5800X runs hotter than other 5000 series CPU, even hotter than 5950X. I would go with minimum of a good 240.
 
I did not get a Golden chip on 2600X/3600X/3600XT/3800X/5800X ,your out of your mind.
 
Don't listen to gerardfraser. He won a silicon lottery. He got a golden chip. (I'm so jealous) He's been bragging about it all over the net.
5800X runs hotter than other 5000 series CPU, even hotter than 5950X. I would go with minimum of a good 240.

There's no such thing as golden chip anymore lmao. You don't even have any way of quantifying it /facepalm.
 
did I also hit the lottery idling at 32-33C with intake air temps at 21C
 
did I also hit the lottery idling at 32-33C with intake air temps at 21C
With that kind of ambient temperature? What matters is the full load temperature while running a benchmark like Cinebench which can tax AVX.
There are a lot of 5800X having the same temperature issue as I did (90C), then there are those who don't. geradfraser's 5800X runs all cores at 4.6ghz while maintaining the full load temperature below 80C with a cheap cooling. If that's not a golden chip I don't know what that is.
I've tried 3 different coolings and many reseatings, but couldn't tame the full load temperature.
 
I bet if everyone checked there voltage on a stock NON messed with bios they would notice there voltages are probably different. If everyone set the voltage the same with the same cooler it would all be the same. the problem is all board manufacturers have different bioses and bioses have different stock settings. so everyone just has to stop worrying about their temperatures and double check to make sure everything in their bios is correct and if the voltage is too high then lower it. after that it should all even out. This is getting out of hand already. /Thread
 
With that kind of ambient temperature? What matters is the full load temperature while running a benchmark like Cinebench which can tax AVX.

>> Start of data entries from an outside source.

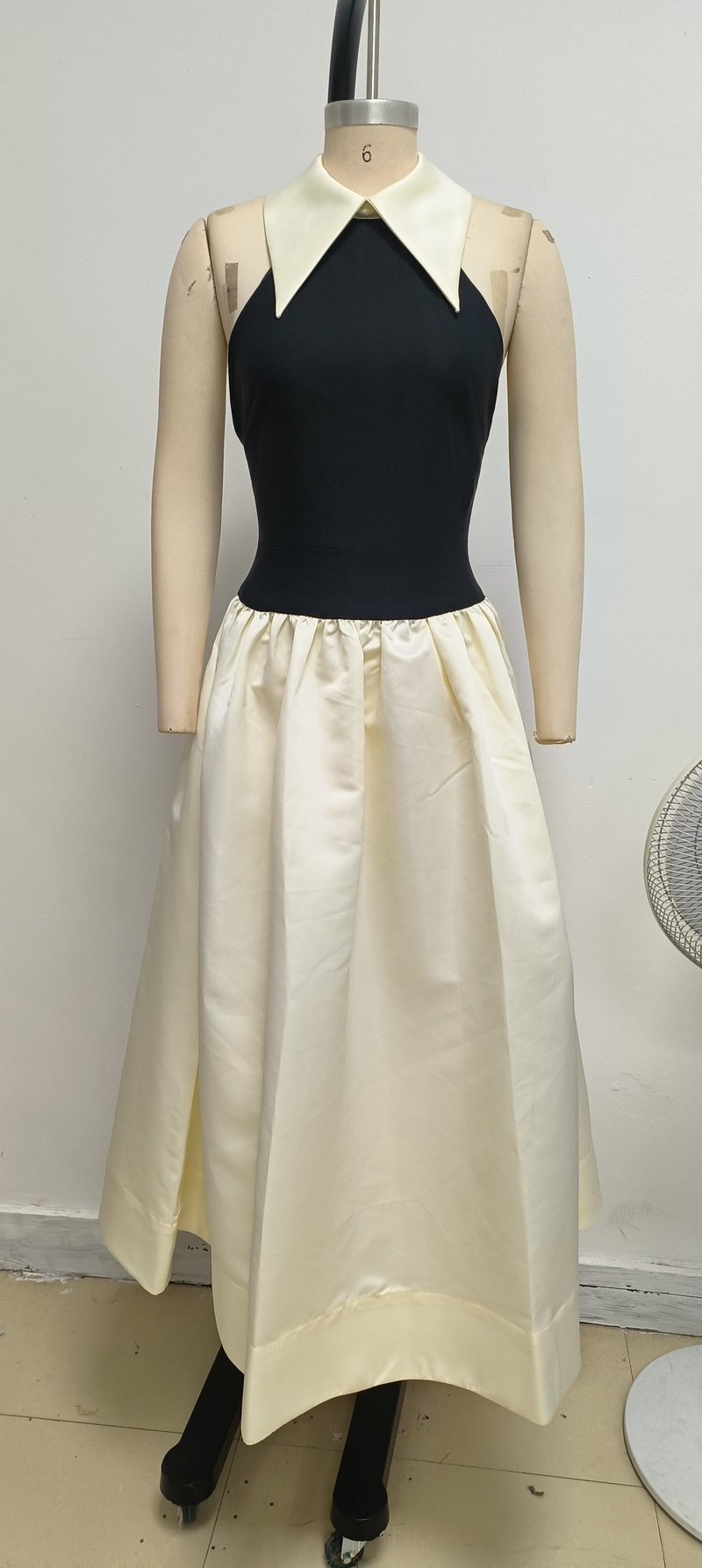 Halter Neck Contrast Maxi Dress H6827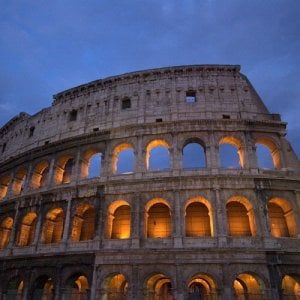 Eurostat, cittadini poco soddisfatti di Roma: peggio della Città eterna solo Atene 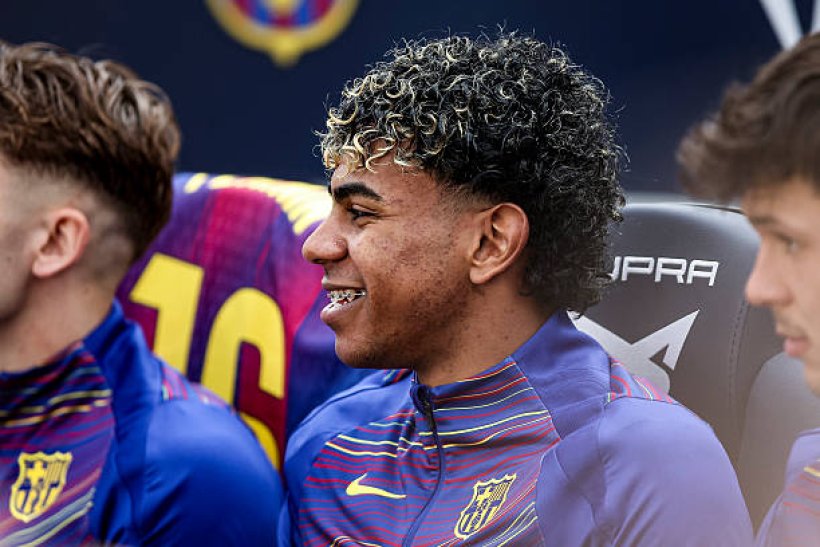 ضحكات يامال تكشف تماسك غرفة ملابس برشلونة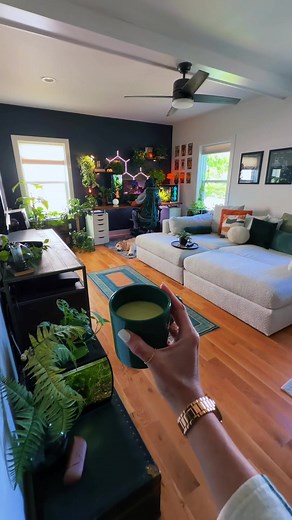 Gaming couple room tour: cozy dual setup and favorite games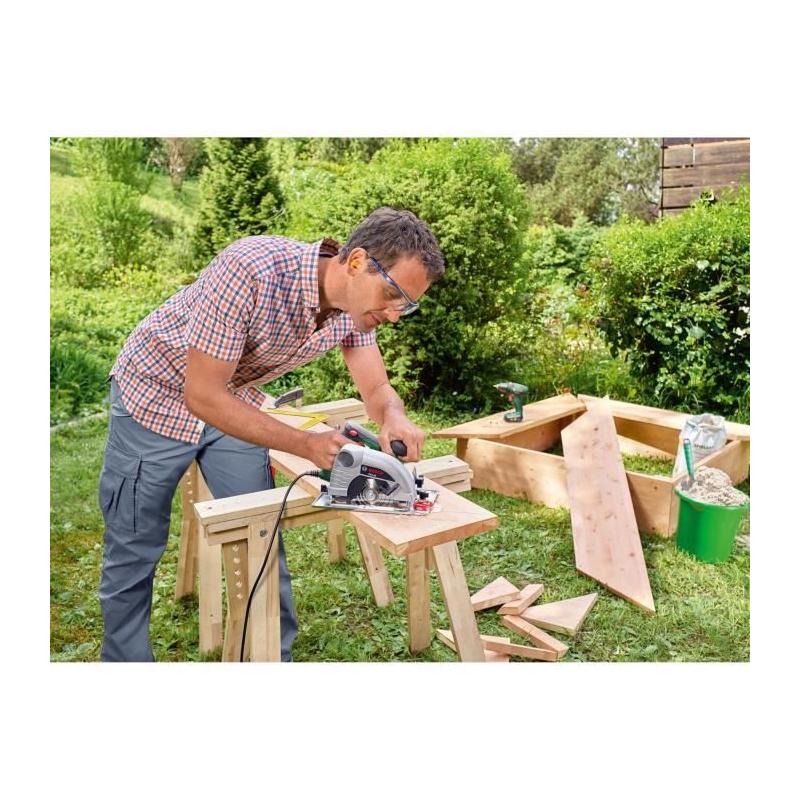 Scie circulaire BOSCH PKS 40 - Puissante et polyvalente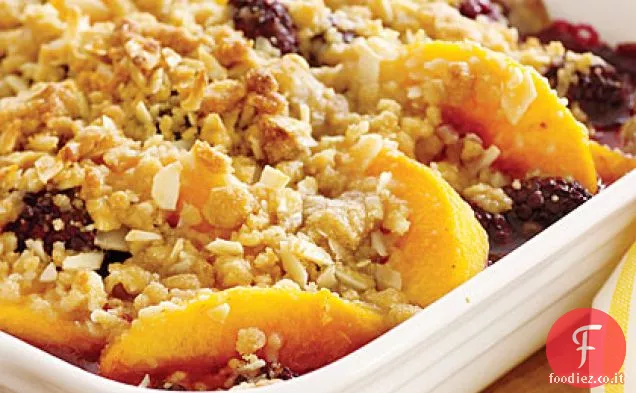 Crumble di pesche e more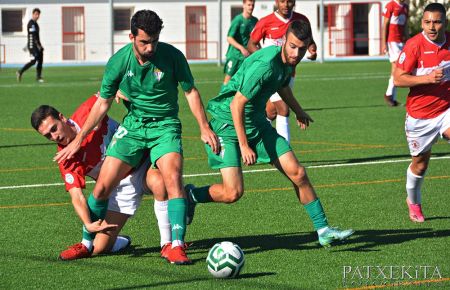El centrocampista Álvaro Otero se lleva el balón en el partido que el filial del San Fernando CD disputó el domingo en San Roque. 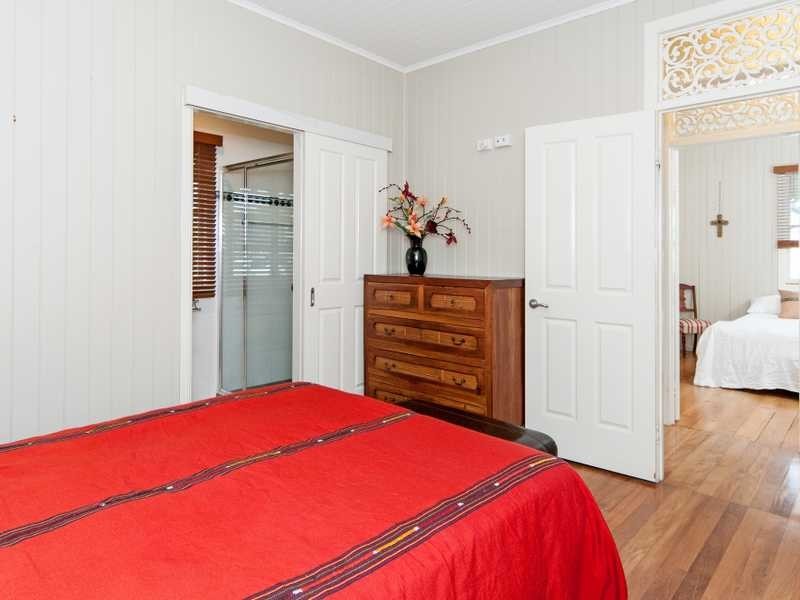 16 Murphy Street, Ipswich QLD 4305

There are a lot of 5800X having the same temperature issue as I did (90C), then there are those who don't. geradfraser's 5800X runs all cores at 4.6ghz while maintaining the full load temperature below 80C with a cheap cooling. If that's not a golden chip I don't know what that is.
I've tried 3 different coolings and many reseatings, but couldn't tame the full load temperature.
Were your voltages both the same? If not then the temperatures mean nothing.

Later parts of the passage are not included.